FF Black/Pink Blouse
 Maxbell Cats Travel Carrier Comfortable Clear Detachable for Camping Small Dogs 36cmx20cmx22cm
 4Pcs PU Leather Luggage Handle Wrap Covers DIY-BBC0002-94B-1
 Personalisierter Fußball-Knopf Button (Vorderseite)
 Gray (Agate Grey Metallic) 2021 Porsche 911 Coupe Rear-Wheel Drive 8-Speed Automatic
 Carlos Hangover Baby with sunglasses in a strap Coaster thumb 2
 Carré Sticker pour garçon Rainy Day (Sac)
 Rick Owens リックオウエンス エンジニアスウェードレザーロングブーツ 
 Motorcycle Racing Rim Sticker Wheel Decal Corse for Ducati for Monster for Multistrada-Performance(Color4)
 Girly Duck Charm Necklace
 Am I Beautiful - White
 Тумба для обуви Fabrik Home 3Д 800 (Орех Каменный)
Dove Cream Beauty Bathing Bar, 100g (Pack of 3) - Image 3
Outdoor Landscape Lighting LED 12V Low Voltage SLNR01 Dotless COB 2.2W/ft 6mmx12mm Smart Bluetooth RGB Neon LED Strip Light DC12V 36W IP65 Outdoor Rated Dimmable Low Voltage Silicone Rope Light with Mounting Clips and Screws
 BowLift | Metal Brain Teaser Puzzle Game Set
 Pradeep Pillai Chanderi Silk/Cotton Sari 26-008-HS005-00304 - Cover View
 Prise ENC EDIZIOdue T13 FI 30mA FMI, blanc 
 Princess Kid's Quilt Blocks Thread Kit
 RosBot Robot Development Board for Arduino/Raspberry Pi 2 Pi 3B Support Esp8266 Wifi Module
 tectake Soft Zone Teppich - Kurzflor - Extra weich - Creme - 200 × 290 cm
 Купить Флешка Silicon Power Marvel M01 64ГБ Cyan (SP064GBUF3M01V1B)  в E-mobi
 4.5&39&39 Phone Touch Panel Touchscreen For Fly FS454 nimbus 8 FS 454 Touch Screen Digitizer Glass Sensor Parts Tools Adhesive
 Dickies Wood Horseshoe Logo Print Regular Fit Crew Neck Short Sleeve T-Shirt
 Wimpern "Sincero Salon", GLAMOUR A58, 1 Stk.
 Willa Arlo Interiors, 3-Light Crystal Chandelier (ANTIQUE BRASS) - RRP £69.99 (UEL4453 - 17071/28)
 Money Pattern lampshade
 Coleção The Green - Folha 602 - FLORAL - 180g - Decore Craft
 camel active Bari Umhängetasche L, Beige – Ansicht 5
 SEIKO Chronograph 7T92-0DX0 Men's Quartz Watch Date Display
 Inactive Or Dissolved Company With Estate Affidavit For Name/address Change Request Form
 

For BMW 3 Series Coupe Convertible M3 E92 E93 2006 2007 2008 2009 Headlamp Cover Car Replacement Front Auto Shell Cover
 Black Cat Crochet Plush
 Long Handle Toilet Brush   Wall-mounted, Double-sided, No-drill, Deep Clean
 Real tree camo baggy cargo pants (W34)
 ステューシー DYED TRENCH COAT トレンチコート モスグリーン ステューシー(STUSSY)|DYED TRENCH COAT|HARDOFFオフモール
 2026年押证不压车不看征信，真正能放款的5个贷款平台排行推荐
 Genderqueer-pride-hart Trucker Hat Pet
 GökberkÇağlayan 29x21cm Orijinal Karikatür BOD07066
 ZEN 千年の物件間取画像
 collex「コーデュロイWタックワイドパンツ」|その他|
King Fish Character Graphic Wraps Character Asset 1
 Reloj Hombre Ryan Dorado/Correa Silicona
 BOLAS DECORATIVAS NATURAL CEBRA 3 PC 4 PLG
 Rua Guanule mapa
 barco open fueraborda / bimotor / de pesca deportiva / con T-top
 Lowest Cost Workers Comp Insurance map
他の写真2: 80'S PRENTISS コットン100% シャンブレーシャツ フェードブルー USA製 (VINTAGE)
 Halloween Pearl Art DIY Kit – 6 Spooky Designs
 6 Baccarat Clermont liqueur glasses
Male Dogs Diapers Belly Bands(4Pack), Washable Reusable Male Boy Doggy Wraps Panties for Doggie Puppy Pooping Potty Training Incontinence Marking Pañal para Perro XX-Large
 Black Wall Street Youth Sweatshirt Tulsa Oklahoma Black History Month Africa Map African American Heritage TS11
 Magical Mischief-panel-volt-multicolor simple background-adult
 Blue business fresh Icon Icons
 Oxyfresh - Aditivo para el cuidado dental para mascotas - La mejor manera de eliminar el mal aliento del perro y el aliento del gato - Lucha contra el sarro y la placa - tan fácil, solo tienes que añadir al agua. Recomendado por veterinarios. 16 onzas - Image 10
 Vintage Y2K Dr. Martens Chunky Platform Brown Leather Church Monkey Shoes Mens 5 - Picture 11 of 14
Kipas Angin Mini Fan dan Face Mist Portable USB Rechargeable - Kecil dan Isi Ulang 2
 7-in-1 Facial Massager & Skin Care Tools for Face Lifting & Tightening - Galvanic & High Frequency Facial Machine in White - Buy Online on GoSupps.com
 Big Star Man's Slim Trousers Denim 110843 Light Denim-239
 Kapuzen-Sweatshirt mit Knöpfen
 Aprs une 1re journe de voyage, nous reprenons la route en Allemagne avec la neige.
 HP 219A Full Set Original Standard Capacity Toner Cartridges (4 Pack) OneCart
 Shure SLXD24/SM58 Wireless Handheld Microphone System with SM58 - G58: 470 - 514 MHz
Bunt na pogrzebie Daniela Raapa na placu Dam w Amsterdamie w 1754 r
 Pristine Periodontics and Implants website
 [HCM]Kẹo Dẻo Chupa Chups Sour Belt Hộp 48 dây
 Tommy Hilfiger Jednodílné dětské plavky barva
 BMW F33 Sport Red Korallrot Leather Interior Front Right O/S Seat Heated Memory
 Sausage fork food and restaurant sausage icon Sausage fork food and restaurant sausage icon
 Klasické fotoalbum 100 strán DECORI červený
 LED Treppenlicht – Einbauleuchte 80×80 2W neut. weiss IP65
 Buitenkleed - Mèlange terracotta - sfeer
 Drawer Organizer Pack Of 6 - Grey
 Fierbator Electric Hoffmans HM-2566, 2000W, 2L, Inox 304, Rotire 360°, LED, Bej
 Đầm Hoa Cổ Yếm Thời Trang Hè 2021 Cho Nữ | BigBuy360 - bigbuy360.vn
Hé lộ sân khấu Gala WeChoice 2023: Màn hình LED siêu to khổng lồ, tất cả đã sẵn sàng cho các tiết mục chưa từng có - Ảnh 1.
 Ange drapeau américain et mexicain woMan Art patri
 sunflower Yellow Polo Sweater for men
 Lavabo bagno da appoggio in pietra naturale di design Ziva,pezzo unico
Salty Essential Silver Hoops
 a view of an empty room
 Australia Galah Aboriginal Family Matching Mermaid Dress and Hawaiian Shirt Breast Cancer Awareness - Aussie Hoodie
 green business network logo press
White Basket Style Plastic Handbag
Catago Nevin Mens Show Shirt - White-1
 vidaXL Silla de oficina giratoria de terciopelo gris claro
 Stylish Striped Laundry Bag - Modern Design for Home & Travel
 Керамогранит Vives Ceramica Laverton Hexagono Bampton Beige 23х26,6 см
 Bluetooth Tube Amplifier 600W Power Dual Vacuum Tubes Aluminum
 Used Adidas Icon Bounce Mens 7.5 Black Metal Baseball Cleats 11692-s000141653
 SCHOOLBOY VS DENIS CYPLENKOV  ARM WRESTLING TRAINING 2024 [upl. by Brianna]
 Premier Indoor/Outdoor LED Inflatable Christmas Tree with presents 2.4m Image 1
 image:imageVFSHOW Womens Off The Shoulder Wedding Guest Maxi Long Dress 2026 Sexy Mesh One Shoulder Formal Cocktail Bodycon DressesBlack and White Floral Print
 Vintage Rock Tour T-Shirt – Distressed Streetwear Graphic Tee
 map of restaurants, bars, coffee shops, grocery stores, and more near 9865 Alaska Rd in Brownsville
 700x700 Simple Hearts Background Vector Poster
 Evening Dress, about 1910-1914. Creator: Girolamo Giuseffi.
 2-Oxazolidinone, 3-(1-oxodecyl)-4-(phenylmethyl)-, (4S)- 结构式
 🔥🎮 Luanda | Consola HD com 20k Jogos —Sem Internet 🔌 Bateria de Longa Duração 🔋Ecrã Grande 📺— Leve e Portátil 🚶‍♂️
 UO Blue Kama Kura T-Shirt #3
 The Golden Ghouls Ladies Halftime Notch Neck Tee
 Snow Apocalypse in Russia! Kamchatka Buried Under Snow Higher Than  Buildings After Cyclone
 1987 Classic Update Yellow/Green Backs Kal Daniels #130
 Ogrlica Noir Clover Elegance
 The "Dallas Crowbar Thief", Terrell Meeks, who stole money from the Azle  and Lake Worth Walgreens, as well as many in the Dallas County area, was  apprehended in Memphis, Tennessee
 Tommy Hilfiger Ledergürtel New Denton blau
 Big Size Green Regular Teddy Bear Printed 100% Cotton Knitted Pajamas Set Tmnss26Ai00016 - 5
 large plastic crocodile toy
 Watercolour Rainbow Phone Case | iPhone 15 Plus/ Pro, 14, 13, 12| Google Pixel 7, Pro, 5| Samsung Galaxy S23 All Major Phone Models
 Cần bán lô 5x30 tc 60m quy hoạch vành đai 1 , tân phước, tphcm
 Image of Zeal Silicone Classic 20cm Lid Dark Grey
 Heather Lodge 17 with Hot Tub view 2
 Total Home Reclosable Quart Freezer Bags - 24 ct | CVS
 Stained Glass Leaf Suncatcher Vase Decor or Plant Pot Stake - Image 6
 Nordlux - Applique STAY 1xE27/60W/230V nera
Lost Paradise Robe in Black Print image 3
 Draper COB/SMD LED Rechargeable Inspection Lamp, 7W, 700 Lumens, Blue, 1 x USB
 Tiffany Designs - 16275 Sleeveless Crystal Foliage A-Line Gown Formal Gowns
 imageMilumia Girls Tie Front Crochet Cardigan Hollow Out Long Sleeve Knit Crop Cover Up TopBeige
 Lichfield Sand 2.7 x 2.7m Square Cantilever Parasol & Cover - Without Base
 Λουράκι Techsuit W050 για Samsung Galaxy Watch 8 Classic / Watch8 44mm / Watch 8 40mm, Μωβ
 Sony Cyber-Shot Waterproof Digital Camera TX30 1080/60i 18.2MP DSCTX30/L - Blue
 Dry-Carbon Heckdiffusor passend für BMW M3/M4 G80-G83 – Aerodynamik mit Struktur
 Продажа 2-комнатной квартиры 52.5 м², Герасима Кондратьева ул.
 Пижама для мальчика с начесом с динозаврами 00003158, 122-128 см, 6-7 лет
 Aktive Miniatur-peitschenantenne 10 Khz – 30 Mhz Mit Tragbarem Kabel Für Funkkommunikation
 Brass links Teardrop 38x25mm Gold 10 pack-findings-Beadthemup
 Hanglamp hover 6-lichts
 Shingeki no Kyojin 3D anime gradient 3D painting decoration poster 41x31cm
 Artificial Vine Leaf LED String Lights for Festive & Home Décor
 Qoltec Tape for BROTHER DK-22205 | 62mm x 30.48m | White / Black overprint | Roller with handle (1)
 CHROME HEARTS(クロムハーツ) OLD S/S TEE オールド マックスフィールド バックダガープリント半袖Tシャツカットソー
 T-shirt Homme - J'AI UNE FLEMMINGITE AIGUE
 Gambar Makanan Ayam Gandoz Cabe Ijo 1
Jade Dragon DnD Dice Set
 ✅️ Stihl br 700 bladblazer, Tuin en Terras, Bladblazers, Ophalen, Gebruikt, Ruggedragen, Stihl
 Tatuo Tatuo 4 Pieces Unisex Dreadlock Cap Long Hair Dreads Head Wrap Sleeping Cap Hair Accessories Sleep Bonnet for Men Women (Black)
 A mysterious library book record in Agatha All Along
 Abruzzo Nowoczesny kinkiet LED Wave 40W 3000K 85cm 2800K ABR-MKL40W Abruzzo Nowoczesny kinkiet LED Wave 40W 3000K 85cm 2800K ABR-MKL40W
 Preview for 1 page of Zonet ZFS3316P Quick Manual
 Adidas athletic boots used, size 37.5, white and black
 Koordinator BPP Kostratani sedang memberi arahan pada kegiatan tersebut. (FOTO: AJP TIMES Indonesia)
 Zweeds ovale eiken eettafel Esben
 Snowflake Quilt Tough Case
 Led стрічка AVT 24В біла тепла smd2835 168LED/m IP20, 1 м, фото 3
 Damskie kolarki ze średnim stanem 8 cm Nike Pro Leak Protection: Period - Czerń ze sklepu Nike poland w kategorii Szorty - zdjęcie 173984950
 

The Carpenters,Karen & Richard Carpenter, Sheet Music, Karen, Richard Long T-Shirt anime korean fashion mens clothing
=-=-=
## [YOUR INSTRUCTIONS]
Send back exactly, with nothing added, the lines from the first line of the material above through the line holding "Gray (Agate Grey"; both ends are included.

## [OUTPUT FOR THIS EXERCISE]
FF Black/Pink Blouse
 Maxbell Cats Travel Carrier Comfortable Clear Detachable for Camping Small Dogs 36cmx20cmx22cm
 4Pcs PU Leather Luggage Handle Wrap Covers DIY-BBC0002-94B-1
 Personalisierter Fußball-Knopf Button (Vorderseite)
 Gray (Agate Grey Metallic) 2021 Porsche 911 Coupe Rear-Wheel Drive 8-Speed Automatic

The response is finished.